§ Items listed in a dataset
- - - - -
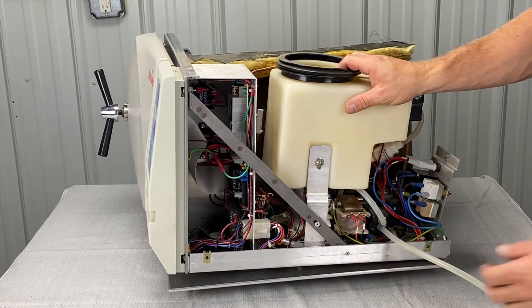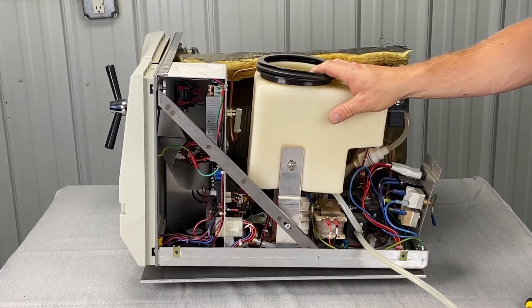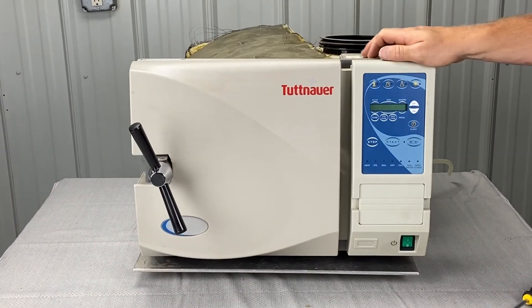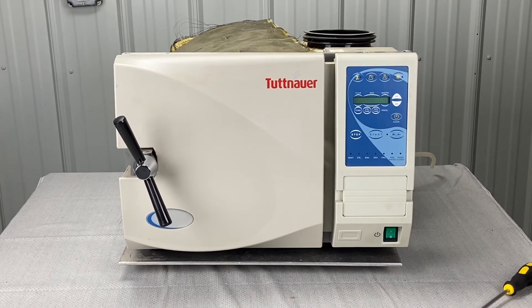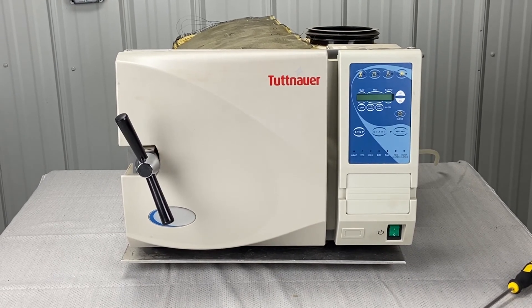That's pretty much it. This is underneath the cover of an EZ9 like we were talking about, but that's how you take the cover off of an EZ model — 2540E, all the automatic Tuttnauer units. If you like this video, please share it. Please subscribe to our channel and stay tuned for more Tuttnauer troubleshooting videos.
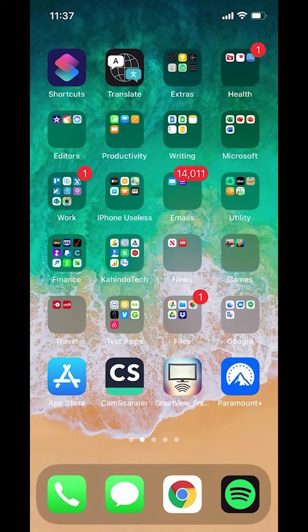Hello and welcome to Cahindo Tech. In this video, I will show you how to sign out of the Paramount Plus app.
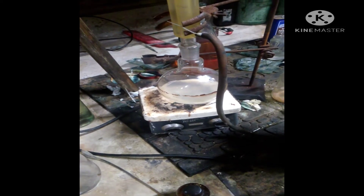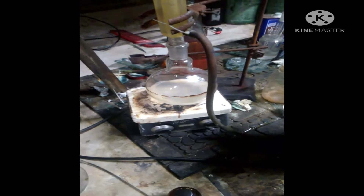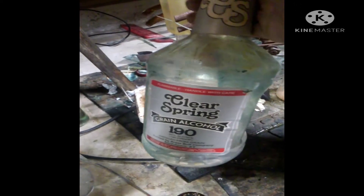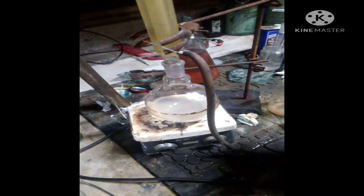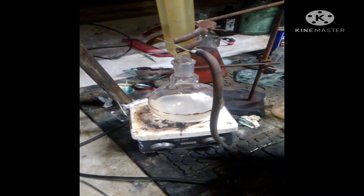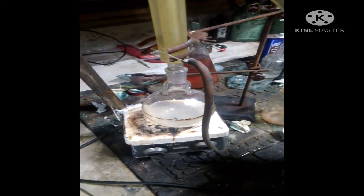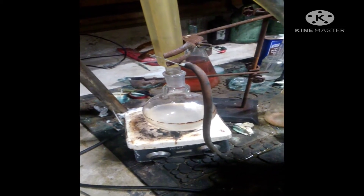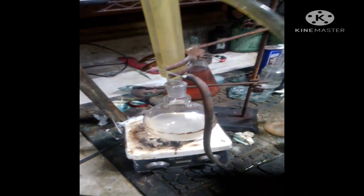Today I'm making ethyl acetate. What I have in this boiling flask is Everclear, which is 190 proof, so that means there's 5% water in it. I've got it refluxing with sodium hydroxide to dry up the water. Now I'm going to decant off the liquid and filter it.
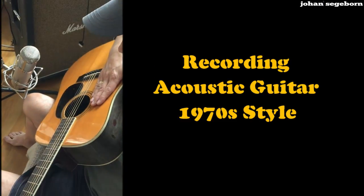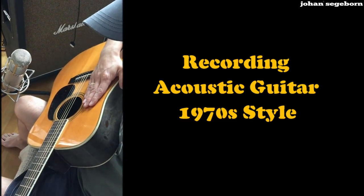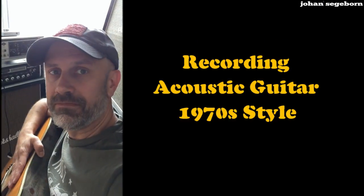This is a S Jairi YD-404 from 1978. Great guitar. All right, let's go.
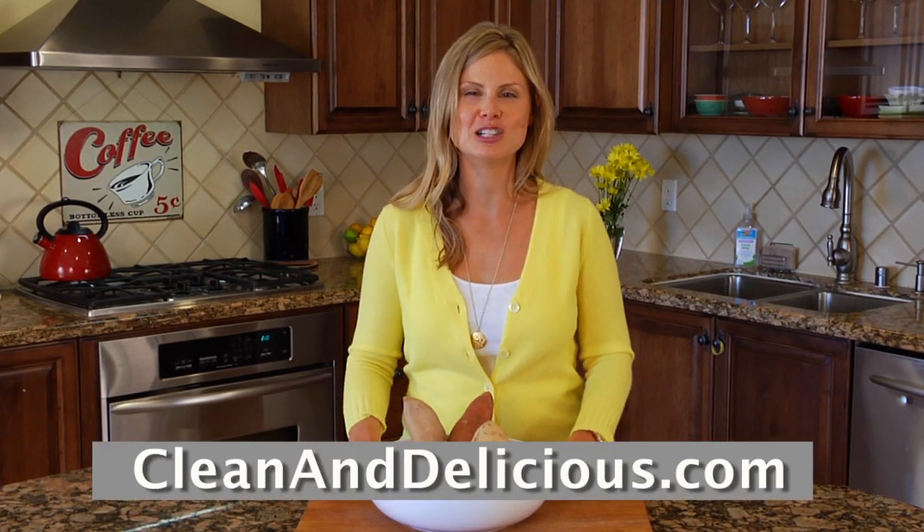For more simple and nutritious recipes, tips and ideas, make sure you check out cleananddelicious.com. I'm Dani Spies and I'll see you next time with another Ingredient 101.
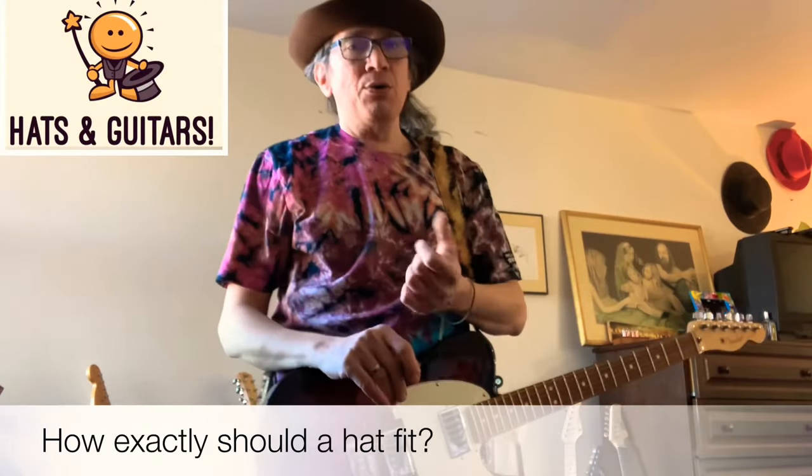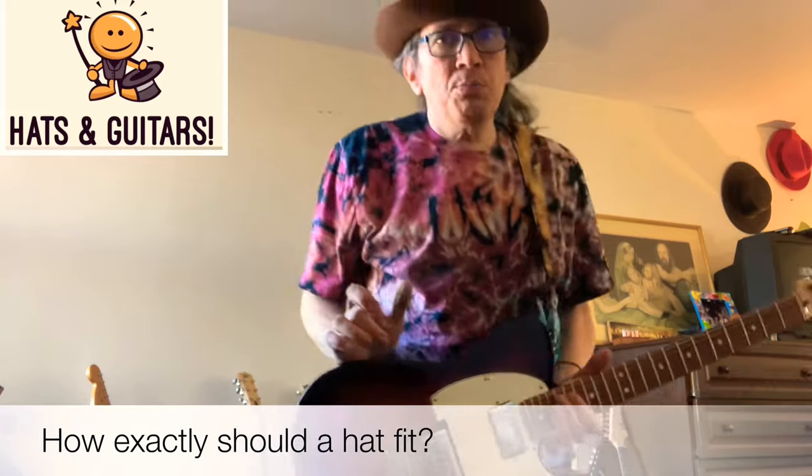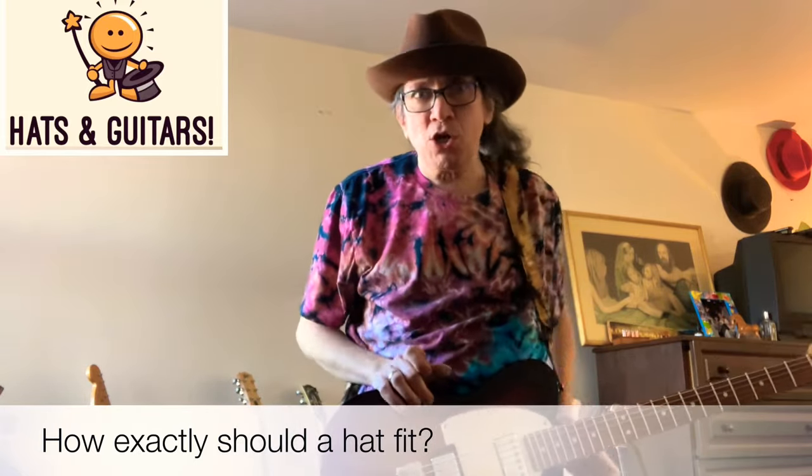Hey guys, today we're going to talk about how your hat should fit. I'm home because they're doing some filming at JJ Hat Center — Netflix is doing a special with Chloe Sevigny and some other stars about Truman Capote, called 'Capote's Swans' I think. The shop is shut down with a couple of guys manning the store with all the actors and crew.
- - - - -
§ Required work
Reproduce exactly the lines above from the one with "For more simple" through the last line of the data, keeping both ends and dropping the pictures.

§ Task result
For more simple and nutritious recipes, tips and ideas, make sure you check out cleananddelicious.com. I'm Dani Spies and I'll see you next time with another Ingredient 101.
Hey guys, today we're going to talk about how your hat should fit. I'm home because they're doing some filming at JJ Hat Center — Netflix is doing a special with Chloe Sevigny and some other stars about Truman Capote, called 'Capote's Swans' I think. The shop is shut down with a couple of guys manning the store with all the actors and crew.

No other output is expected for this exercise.